DIRECTIONS FOR THIS TASK -> Each line in the material below, starting at the one with "Rhinestones Chain Alloy" and ending at the one with "Nón Lưỡi Trai", is to be reproduced exactly; no picture is to be copied.

GIVEN RECORDS ->
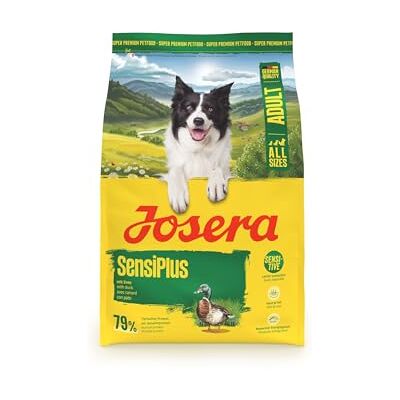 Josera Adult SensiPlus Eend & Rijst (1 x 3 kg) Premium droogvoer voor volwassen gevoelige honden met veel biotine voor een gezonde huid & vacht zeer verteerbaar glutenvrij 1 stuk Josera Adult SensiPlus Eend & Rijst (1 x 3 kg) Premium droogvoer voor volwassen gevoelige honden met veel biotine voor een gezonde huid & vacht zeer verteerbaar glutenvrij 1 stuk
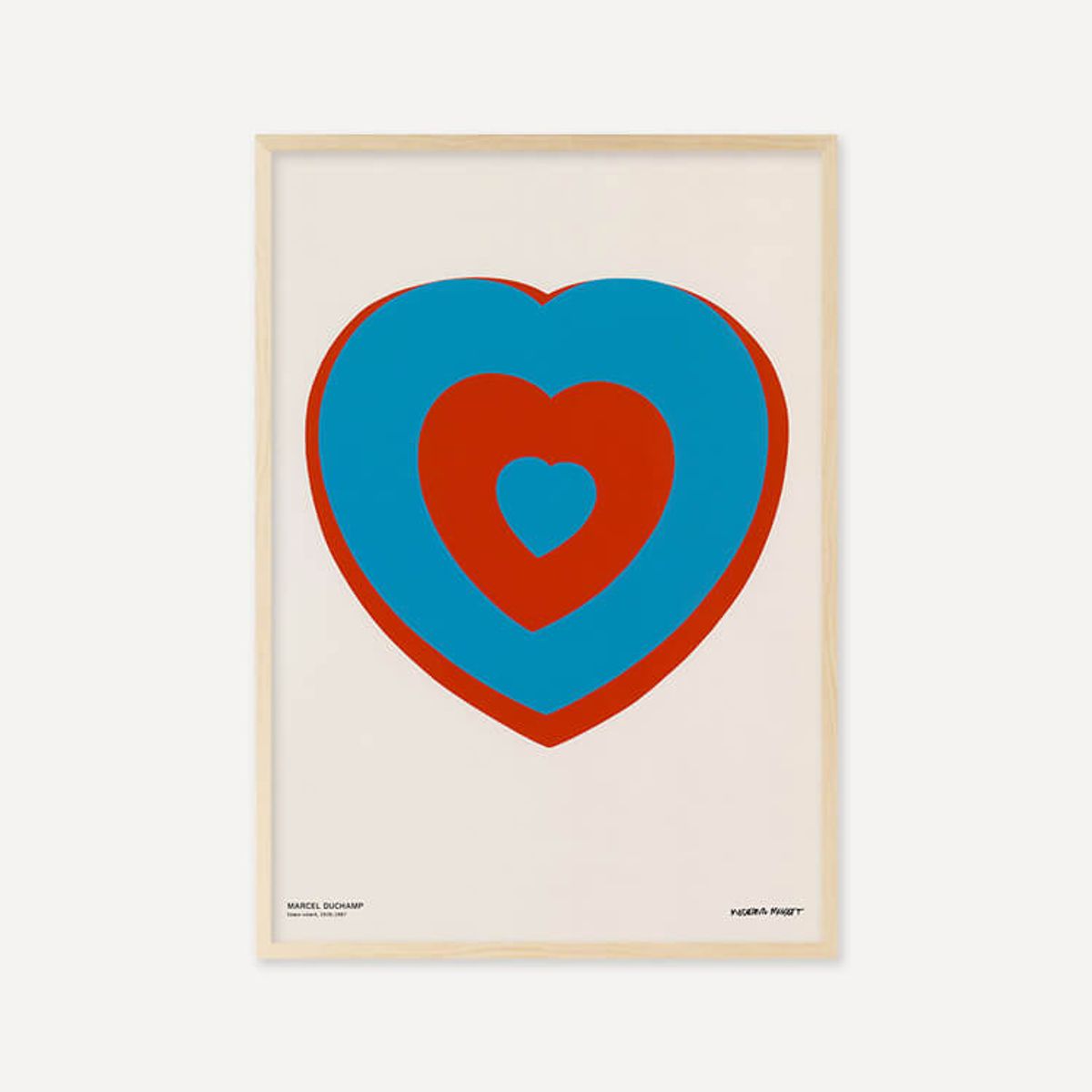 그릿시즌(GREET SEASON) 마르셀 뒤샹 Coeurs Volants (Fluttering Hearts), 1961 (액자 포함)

* * *

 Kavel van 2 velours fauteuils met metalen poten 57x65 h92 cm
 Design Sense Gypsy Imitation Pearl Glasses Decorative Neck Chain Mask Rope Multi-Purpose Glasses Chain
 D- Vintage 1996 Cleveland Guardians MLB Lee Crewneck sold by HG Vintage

---

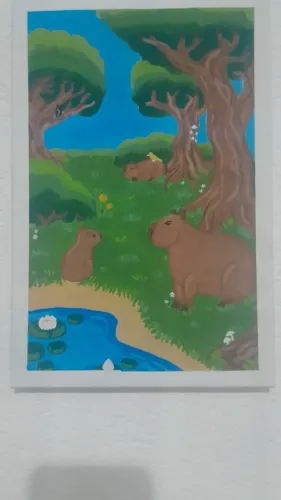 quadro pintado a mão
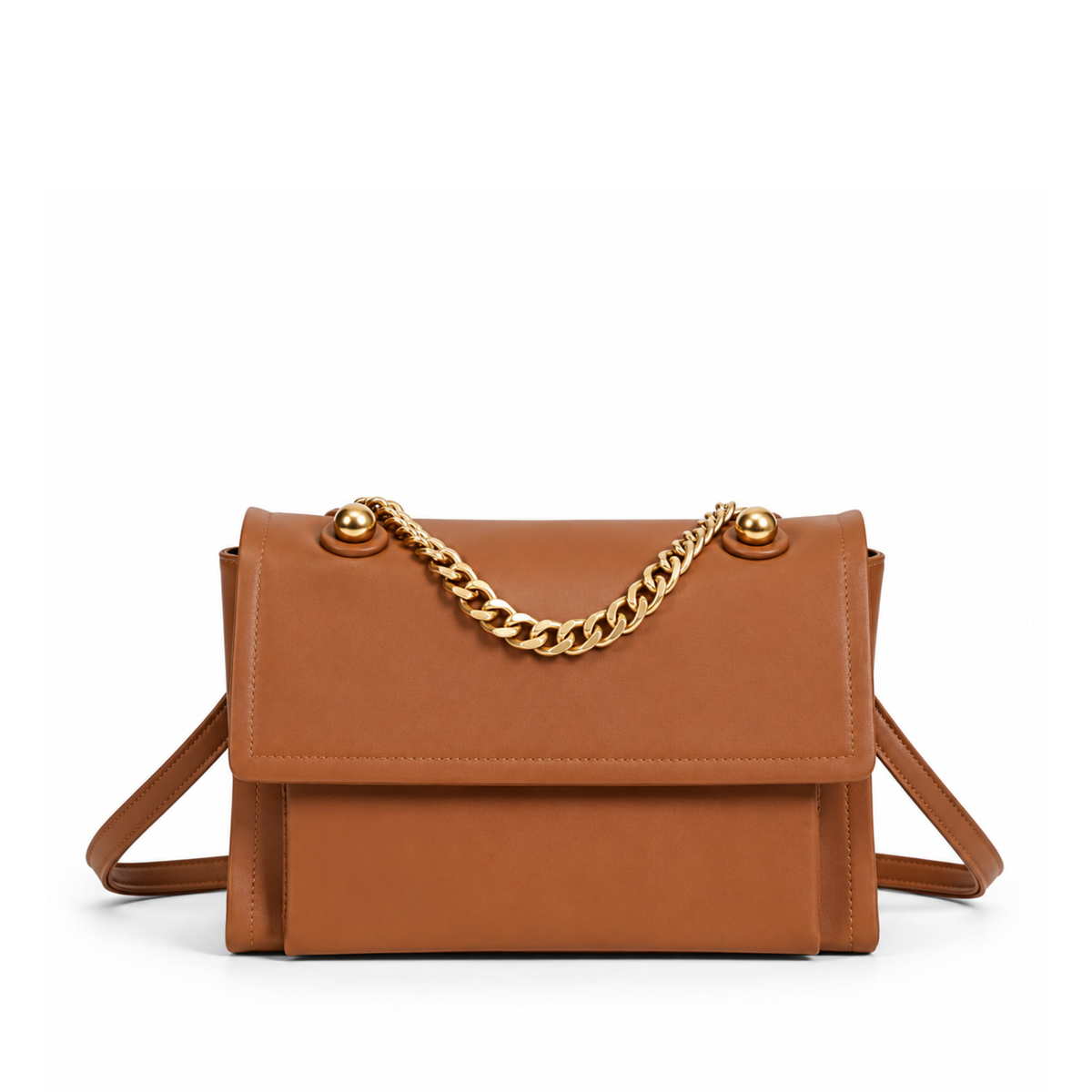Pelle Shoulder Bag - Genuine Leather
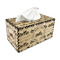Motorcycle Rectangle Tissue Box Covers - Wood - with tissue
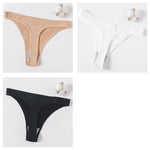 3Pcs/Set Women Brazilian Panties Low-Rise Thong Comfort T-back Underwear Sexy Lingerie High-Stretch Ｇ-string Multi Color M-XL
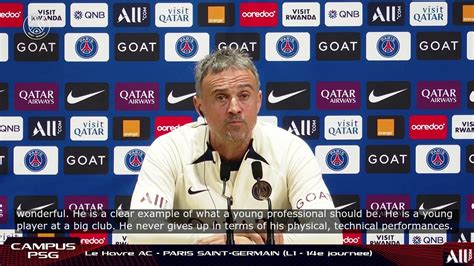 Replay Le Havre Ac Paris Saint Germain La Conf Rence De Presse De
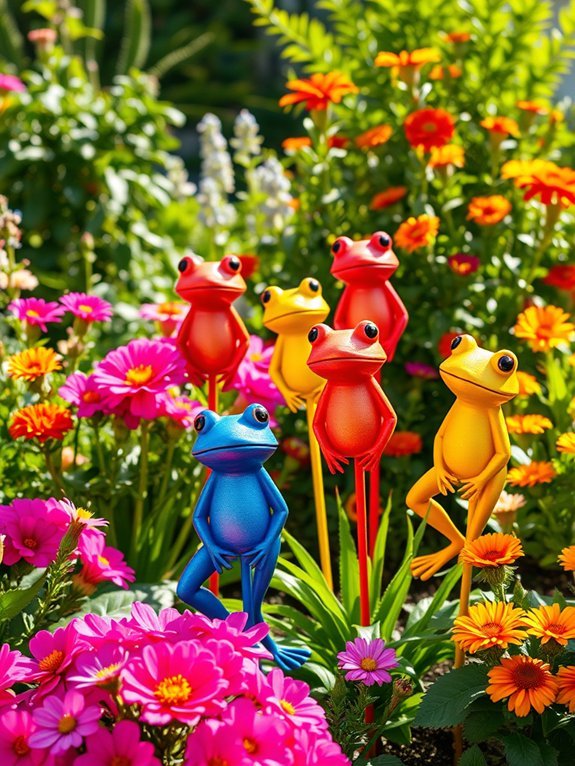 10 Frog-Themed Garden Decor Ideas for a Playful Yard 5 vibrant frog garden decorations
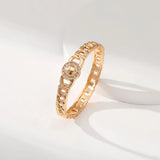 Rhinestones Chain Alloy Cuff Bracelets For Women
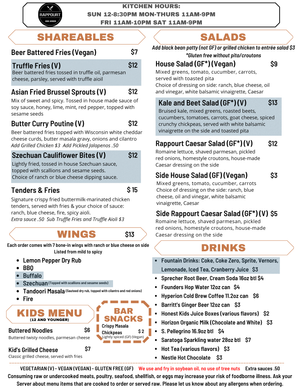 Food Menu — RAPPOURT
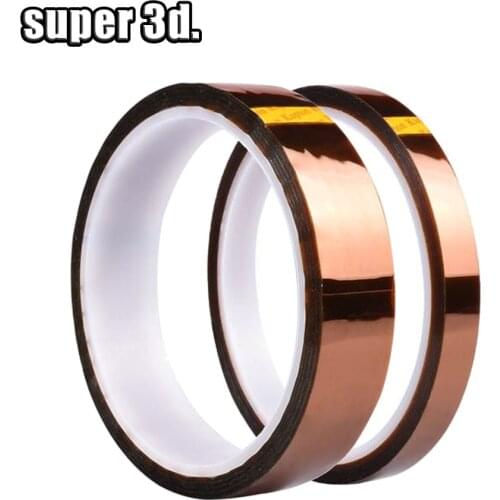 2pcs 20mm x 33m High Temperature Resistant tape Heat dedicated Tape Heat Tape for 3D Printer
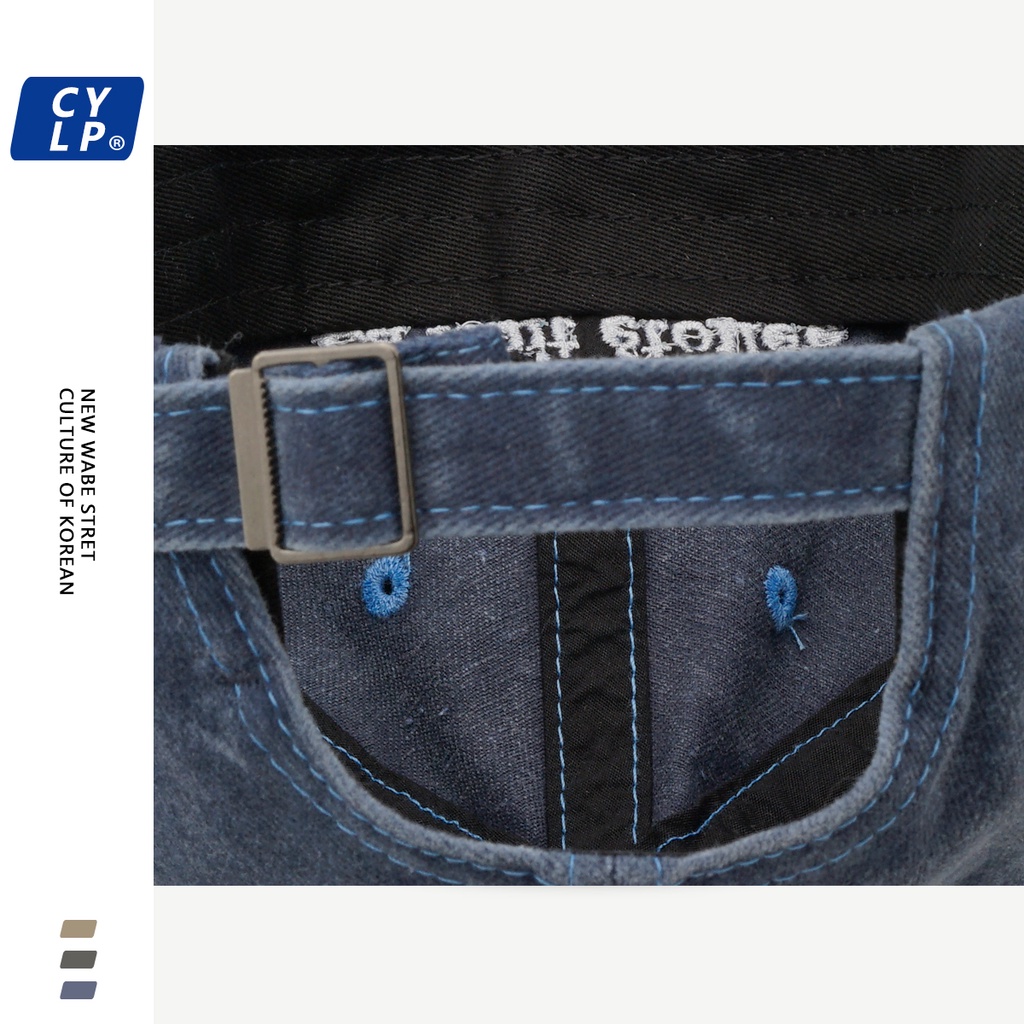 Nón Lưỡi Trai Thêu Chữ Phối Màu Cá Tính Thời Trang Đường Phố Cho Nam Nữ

RESPONSE TO THE EXERCISE ->
 Rhinestones Chain Alloy Cuff Bracelets For Women
 Food Menu — RAPPOURT
 2pcs 20mm x 33m High Temperature Resistant tape Heat dedicated Tape Heat Tape for 3D Printer
 Nón Lưỡi Trai Thêu Chữ Phối Màu Cá Tính Thời Trang Đường Phố Cho Nam Nữ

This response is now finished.